● **ASSIGNMENT**:
Match the word "image". Return each line of the data below where it appears.

● **ENTRIES SHOWN**:
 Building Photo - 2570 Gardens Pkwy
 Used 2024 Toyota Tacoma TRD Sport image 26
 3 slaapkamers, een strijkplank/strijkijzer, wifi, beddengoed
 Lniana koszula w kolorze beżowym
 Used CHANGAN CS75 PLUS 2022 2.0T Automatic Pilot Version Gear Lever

* * *

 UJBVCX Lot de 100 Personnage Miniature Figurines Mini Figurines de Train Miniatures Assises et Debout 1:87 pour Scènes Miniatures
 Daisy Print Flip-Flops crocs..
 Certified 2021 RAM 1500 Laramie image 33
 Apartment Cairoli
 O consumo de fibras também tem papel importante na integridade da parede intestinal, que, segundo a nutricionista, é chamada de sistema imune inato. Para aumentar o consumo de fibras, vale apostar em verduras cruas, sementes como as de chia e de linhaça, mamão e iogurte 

● **EXERCISE RESPONSE**:
 Used 2024 Toyota Tacoma TRD Sport image 26
 Certified 2021 RAM 1500 Laramie image 33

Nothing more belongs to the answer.